Definition: $A \subseteq X$ for a metric space $X$ has the Baire Property if for any sequence of sets {$V_{n}$} for $n \geq 1$ that are dense and open in $A$, $$cl(\cap V_{n}) \cap A = A $$ for all $n \geq 1$. That is, $\cap V_{n}$ is dense in $A$.
Question: Now suppose $G_{1}$ and $G_{2}$ are two open, dense sets of metric space $X$. Prove that $ G_{1} \cap G_{2}$ has the Baire property.
To prove this, I need to show that for any sequence, say {$V_{n}$} s.t. each $V_{n}$ is open and dense in $ G_{1} \cap G_{2}$,
$cl(\cap V_{n}) \cap (G_{1} \cap G_{2}) = (G_{1} \cap G_{2}) $
Attempt $V_{n}$ dense in $G_{1} \cap G_{2}$. So $cl(V_{n})\cap (G_{1} \cap G_{2}) = (G_{1} \cap G_{2}) $. Which means $(G_{1} \cap G_{2}) \subseteq cl(V_{n}) $. Thus, $cl(G_{1} \cap G_{2}) \subseteq cl(cl(V_{n})) = cl(V_{n})$.
And since $(G_{1} \cap G_{2}) \subseteq cl(G_{1} \cap G_{2})$, we have $(G_{1} \cap G_{2}) \subseteq cl(V_{n})$.
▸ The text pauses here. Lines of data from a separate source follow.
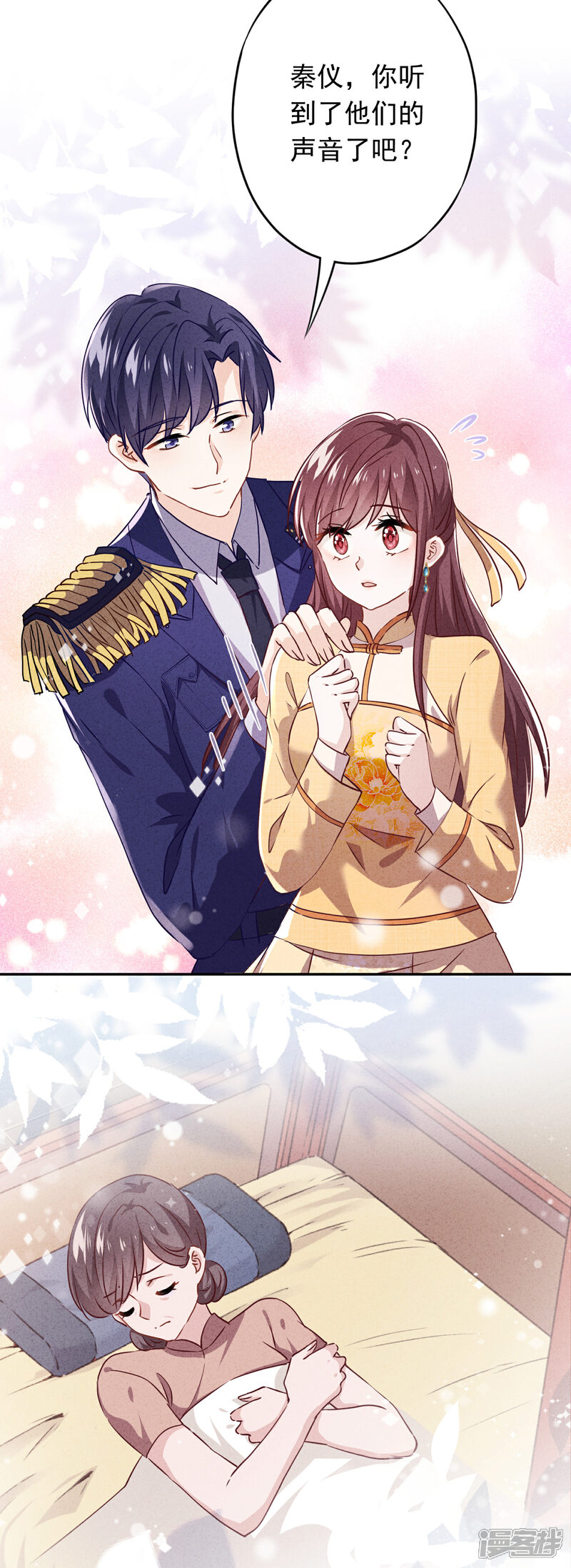 《少帅,你老婆要翻天!》第106话 我永远是你的后盾 第10页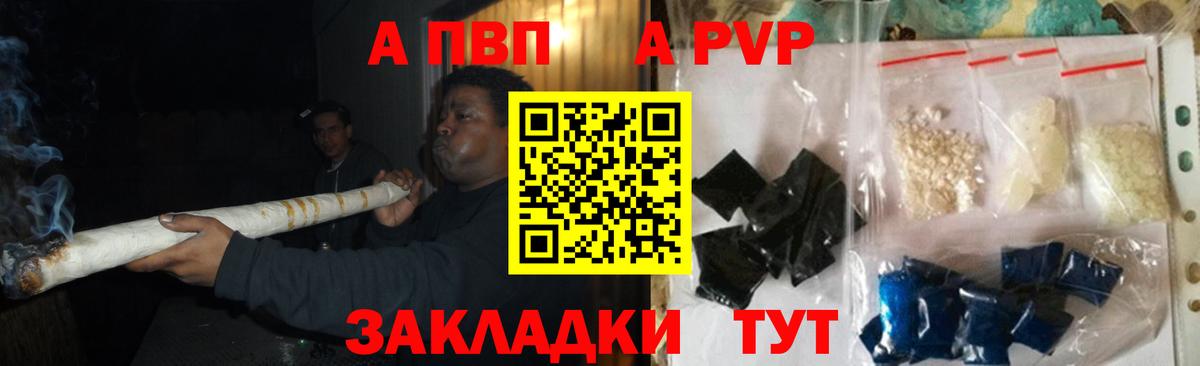 A-PVP СК Дзержинск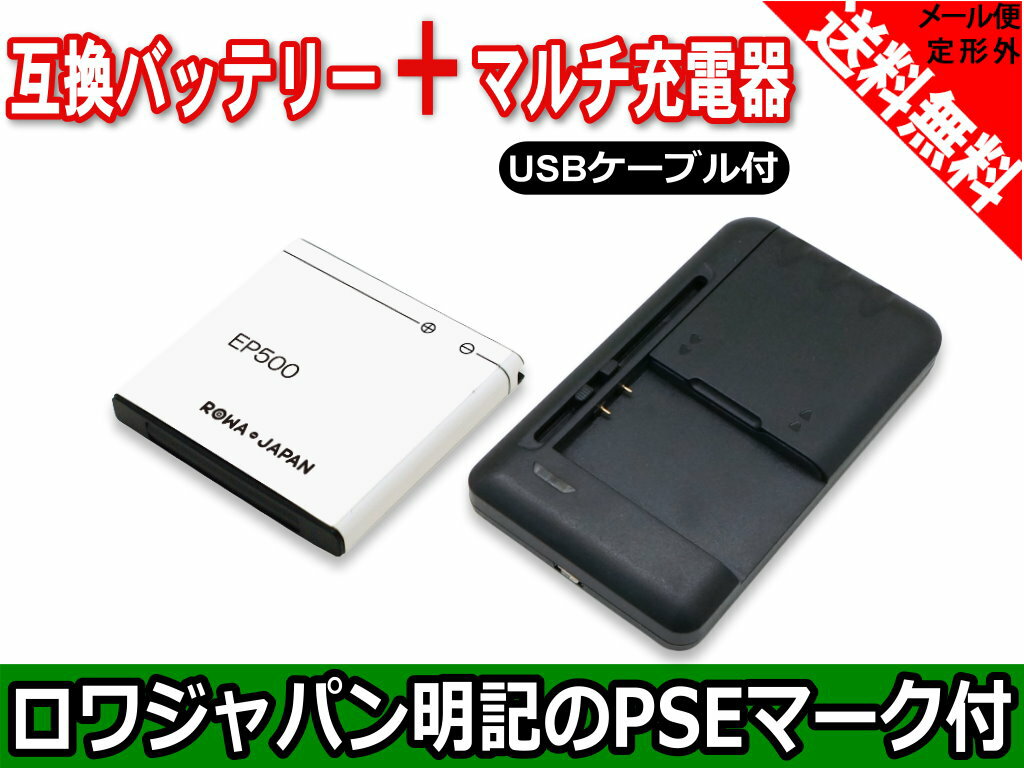 【充電器セット】ソニーエリクソン対応 EP500 PBS51SEZ10 互換 バッテリー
How do I proceed from here?
You just need to show that if $X$ is Baire, so is any open dense subspace $O$ of $X$. This is straightforward from the definition.
Then note that a finite intersection of dense open sets is still dense and open.
Note that in your statement $X$ needs to be Baire itself, or we could trivially take $X= G_1 = G_2 = \mathbb{Q}$ in the usual topology and have a counterexample.